- NordVPN Discovered Adware Campaign Operating on 50,000 Websites
- Malware collects data from very specific devices to profile and track you
- Adware can detect and avoid ad blockers with domains that change daily.
Who doesn’t love a free movie? Unfortunately, a recently discovered cyber threat is proving the old saying to be true: if the product is free, you are the product. NordVPN’s Threat Intelligence team has exposed a highly sophisticated adware campaign that has successfully infected at least 50,000 active websites, turning the search for free content into a cybersecurity minefield.
The campaign specifically targets high-risk corners of the internet, including illegal streaming platforms, torrent portals, underground forums, and adult websites.
Once a user lands on an infected page, the adware (a type of malware that hides behind online ads) deploys invasive tracking scripts to create a persistent profile of the user’s device, collecting data ranging from their hardware specifications to whether they use a crypto wallet.
“If you’re not paying for a product, you are often the product,” says Marijus Briedis, CTO at NordVPN, explaining that what seems like a free stream or download can quickly become a gateway to tracking, scams, and malware.
According to NordVPN, the magnitude of the threat is immense.
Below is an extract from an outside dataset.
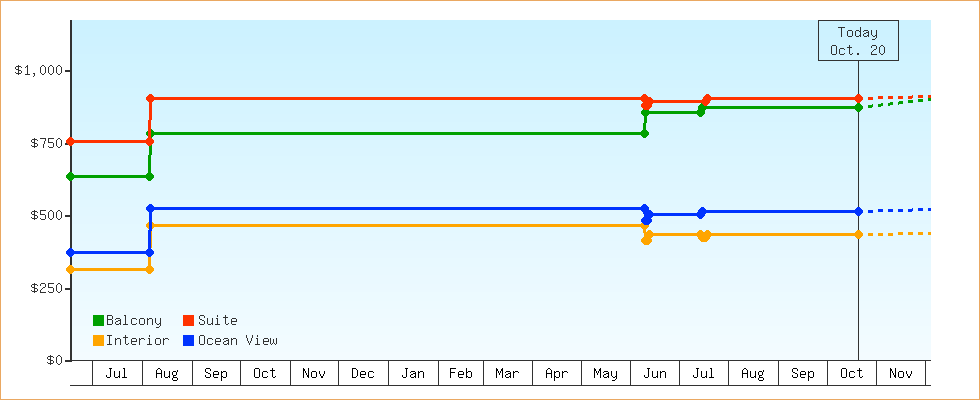 Price Graphs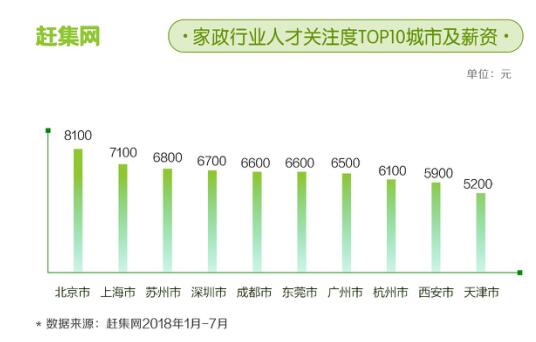 赶集网发布家政行业报告:家政行业平均薪资69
Every month, hundreds of thousands of enterprise users encounter infection attempts directly related to this specific adware kit.
How the adware campaign works
The operation works by loading a hidden JavaScript tag the moment a real person visits an infected website. To ensure maximum benefit, the adware uses a fingerprint module to create a persistent visitor ID stored directly on your device, allowing operators to track you even without using traditional cookies.
The sheer volume of data collected by this script is astonishing. Analyzes your CPU cores, RAM, operating system and installed plugins.
But it goes beyond standard tracking. The adware actively looks for browser-injected crypto wallet tools such as MetaMask, checks for motion signals such as accelerometer and gyroscope availability, and even uses favicon checks to determine if you are logged into YouTube.
This very specific profile is likely to be sold to third parties or used to target you with personalized scams.
“This campaign shows how cybercriminals turn user attention, personal data and risky browsing habits into revenue on an industrial scale,” Briedis said.
Perhaps the most alarming aspect of this adware is the aggressiveness with which it hijacks your browsing experience.
You don’t even have to click on a visible ad to be a victim. Simply clicking on a common, non-advertising part of the infected web page can trigger a redirect, immediately sending you to phishing campaigns, malware download sites, or auto-subscription traps.
If you think your current ad blocker is enough to keep you safe, think again. The adware actively detects when filtering protections are running on your browser. If it detects an ad blocker, it switches to a proxy bypass mechanism, called “adblock-proxy-super-secret” by its creators, which generates at least three new domains every 24 hours.
This constant change allows malware to effortlessly bypass standard security block lists. It even hides its malicious behavior if it detects a search engine bot, ensuring that infected pirate sites appear completely harmless to Google.
How to stay safe
To protect your digital life, NordVPN CTO Marijus Briedis recommends taking the following precautions:
- Avoid “free” premium content: Stay away from piracy and illegal streaming sites, as these environments are hotbeds for advertising and phishing.
- Use tracking protections: Using reputable tracker and ad blockers limits the execution of malicious scripts in your browser.
- Reject push notifications: If a dubious website requests permission to send you notifications, reject the request immediately.
- Update your software: Keep your browser and security tools updated to ensure they can detect the latest malicious scripts and deceptive redirects.